● EXERCISE DETAILS
Copy the data below exactly.

● Collected data entries
Start of Block

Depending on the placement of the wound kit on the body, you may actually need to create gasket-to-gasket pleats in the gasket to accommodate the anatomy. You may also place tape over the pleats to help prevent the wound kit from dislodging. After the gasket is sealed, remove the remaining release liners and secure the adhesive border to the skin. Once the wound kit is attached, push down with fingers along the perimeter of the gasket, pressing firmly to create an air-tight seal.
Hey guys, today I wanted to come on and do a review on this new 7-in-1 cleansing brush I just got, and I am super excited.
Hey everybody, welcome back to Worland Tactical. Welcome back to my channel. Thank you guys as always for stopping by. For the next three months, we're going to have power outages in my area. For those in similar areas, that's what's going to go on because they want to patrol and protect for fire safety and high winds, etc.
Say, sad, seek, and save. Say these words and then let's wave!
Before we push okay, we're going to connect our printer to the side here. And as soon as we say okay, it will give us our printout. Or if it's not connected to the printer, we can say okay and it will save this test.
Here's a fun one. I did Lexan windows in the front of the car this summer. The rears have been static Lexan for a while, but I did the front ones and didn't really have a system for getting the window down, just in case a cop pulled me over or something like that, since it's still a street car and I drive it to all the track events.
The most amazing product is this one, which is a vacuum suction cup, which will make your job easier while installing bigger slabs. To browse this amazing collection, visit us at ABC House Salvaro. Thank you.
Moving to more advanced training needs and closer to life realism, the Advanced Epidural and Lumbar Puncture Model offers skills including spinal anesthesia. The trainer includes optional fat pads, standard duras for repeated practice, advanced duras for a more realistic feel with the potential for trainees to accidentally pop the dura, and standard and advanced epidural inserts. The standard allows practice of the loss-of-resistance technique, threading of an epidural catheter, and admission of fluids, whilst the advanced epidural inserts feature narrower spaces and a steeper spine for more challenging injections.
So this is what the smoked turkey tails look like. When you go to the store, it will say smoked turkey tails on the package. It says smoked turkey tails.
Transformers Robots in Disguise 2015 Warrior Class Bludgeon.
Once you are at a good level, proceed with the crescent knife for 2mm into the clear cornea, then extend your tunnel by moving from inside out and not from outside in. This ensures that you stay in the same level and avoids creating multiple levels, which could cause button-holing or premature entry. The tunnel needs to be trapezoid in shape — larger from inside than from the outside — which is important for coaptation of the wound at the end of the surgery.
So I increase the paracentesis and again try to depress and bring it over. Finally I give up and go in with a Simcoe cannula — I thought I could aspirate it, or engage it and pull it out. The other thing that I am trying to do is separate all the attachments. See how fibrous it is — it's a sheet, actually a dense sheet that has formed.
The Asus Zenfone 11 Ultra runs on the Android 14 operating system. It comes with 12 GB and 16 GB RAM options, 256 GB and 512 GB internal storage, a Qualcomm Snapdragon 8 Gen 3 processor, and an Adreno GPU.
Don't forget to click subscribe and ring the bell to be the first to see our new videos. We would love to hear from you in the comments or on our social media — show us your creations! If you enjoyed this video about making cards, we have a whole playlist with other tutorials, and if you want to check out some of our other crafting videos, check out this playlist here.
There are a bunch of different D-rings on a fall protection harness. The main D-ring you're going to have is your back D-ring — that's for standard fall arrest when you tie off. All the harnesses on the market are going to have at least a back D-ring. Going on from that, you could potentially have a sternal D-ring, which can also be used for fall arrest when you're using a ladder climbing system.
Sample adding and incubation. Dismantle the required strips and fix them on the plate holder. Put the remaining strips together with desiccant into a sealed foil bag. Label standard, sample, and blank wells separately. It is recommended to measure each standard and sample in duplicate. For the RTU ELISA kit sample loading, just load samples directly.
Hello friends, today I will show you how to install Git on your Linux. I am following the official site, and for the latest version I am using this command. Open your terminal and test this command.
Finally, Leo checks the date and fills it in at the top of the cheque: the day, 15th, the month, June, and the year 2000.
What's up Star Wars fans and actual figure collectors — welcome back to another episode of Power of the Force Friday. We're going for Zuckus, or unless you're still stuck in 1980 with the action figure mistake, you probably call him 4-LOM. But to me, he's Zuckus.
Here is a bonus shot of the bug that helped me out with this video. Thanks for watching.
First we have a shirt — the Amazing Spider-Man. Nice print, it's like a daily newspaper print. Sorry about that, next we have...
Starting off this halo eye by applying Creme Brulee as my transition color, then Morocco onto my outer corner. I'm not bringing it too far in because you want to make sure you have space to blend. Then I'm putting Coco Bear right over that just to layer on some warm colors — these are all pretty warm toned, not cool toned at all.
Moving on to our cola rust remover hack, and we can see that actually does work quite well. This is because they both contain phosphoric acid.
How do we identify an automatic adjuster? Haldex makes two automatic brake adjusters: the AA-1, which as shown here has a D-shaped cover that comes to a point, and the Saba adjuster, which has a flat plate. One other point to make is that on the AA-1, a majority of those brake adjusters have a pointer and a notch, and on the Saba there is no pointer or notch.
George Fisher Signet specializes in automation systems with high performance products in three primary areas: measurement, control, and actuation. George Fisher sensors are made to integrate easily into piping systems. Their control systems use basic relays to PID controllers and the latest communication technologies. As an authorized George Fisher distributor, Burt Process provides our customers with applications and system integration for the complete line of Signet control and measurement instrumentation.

End of Block

● ANSWER
Depending on the placement of the wound kit on the body, you may actually need to create gasket-to-gasket pleats in the gasket to accommodate the anatomy. You may also place tape over the pleats to help prevent the wound kit from dislodging. After the gasket is sealed, remove the remaining release liners and secure the adhesive border to the skin. Once the wound kit is attached, push down with fingers along the perimeter of the gasket, pressing firmly to create an air-tight seal.
Hey guys, today I wanted to come on and do a review on this new 7-in-1 cleansing brush I just got, and I am super excited.
Hey everybody, welcome back to Worland Tactical. Welcome back to my channel. Thank you guys as always for stopping by. For the next three months, we're going to have power outages in my area. For those in similar areas, that's what's going to go on because they want to patrol and protect for fire safety and high winds, etc.
Say, sad, seek, and save. Say these words and then let's wave!
Before we push okay, we're going to connect our printer to the side here. And as soon as we say okay, it will give us our printout. Or if it's not connected to the printer, we can say okay and it will save this test.
Here's a fun one. I did Lexan windows in the front of the car this summer. The rears have been static Lexan for a while, but I did the front ones and didn't really have a system for getting the window down, just in case a cop pulled me over or something like that, since it's still a street car and I drive it to all the track events.
The most amazing product is this one, which is a vacuum suction cup, which will make your job easier while installing bigger slabs. To browse this amazing collection, visit us at ABC House Salvaro. Thank you.
Moving to more advanced training needs and closer to life realism, the Advanced Epidural and Lumbar Puncture Model offers skills including spinal anesthesia. The trainer includes optional fat pads, standard duras for repeated practice, advanced duras for a more realistic feel with the potential for trainees to accidentally pop the dura, and standard and advanced epidural inserts. The standard allows practice of the loss-of-resistance technique, threading of an epidural catheter, and admission of fluids, whilst the advanced epidural inserts feature narrower spaces and a steeper spine for more challenging injections.
So this is what the smoked turkey tails look like. When you go to the store, it will say smoked turkey tails on the package. It says smoked turkey tails.
Transformers Robots in Disguise 2015 Warrior Class Bludgeon.
Once you are at a good level, proceed with the crescent knife for 2mm into the clear cornea, then extend your tunnel by moving from inside out and not from outside in. This ensures that you stay in the same level and avoids creating multiple levels, which could cause button-holing or premature entry. The tunnel needs to be trapezoid in shape — larger from inside than from the outside — which is important for coaptation of the wound at the end of the surgery.
So I increase the paracentesis and again try to depress and bring it over. Finally I give up and go in with a Simcoe cannula — I thought I could aspirate it, or engage it and pull it out. The other thing that I am trying to do is separate all the attachments. See how fibrous it is — it's a sheet, actually a dense sheet that has formed.
The Asus Zenfone 11 Ultra runs on the Android 14 operating system. It comes with 12 GB and 16 GB RAM options, 256 GB and 512 GB internal storage, a Qualcomm Snapdragon 8 Gen 3 processor, and an Adreno GPU.
Don't forget to click subscribe and ring the bell to be the first to see our new videos. We would love to hear from you in the comments or on our social media — show us your creations! If you enjoyed this video about making cards, we have a whole playlist with other tutorials, and if you want to check out some of our other crafting videos, check out this playlist here.
There are a bunch of different D-rings on a fall protection harness. The main D-ring you're going to have is your back D-ring — that's for standard fall arrest when you tie off. All the harnesses on the market are going to have at least a back D-ring. Going on from that, you could potentially have a sternal D-ring, which can also be used for fall arrest when you're using a ladder climbing system.
Sample adding and incubation. Dismantle the required strips and fix them on the plate holder. Put the remaining strips together with desiccant into a sealed foil bag. Label standard, sample, and blank wells separately. It is recommended to measure each standard and sample in duplicate. For the RTU ELISA kit sample loading, just load samples directly.
Hello friends, today I will show you how to install Git on your Linux. I am following the official site, and for the latest version I am using this command. Open your terminal and test this command.
Finally, Leo checks the date and fills it in at the top of the cheque: the day, 15th, the month, June, and the year 2000.
What's up Star Wars fans and actual figure collectors — welcome back to another episode of Power of the Force Friday. We're going for Zuckus, or unless you're still stuck in 1980 with the action figure mistake, you probably call him 4-LOM. But to me, he's Zuckus.
Here is a bonus shot of the bug that helped me out with this video. Thanks for watching.
First we have a shirt — the Amazing Spider-Man. Nice print, it's like a daily newspaper print. Sorry about that, next we have...
Starting off this halo eye by applying Creme Brulee as my transition color, then Morocco onto my outer corner. I'm not bringing it too far in because you want to make sure you have space to blend. Then I'm putting Coco Bear right over that just to layer on some warm colors — these are all pretty warm toned, not cool toned at all.
Moving on to our cola rust remover hack, and we can see that actually does work quite well. This is because they both contain phosphoric acid.
How do we identify an automatic adjuster? Haldex makes two automatic brake adjusters: the AA-1, which as shown here has a D-shaped cover that comes to a point, and the Saba adjuster, which has a flat plate. One other point to make is that on the AA-1, a majority of those brake adjusters have a pointer and a notch, and on the Saba there is no pointer or notch.
George Fisher Signet specializes in automation systems with high performance products in three primary areas: measurement, control, and actuation. George Fisher sensors are made to integrate easily into piping systems. Their control systems use basic relays to PID controllers and the latest communication technologies. As an authorized George Fisher distributor, Burt Process provides our customers with applications and system integration for the complete line of Signet control and measurement instrumentation.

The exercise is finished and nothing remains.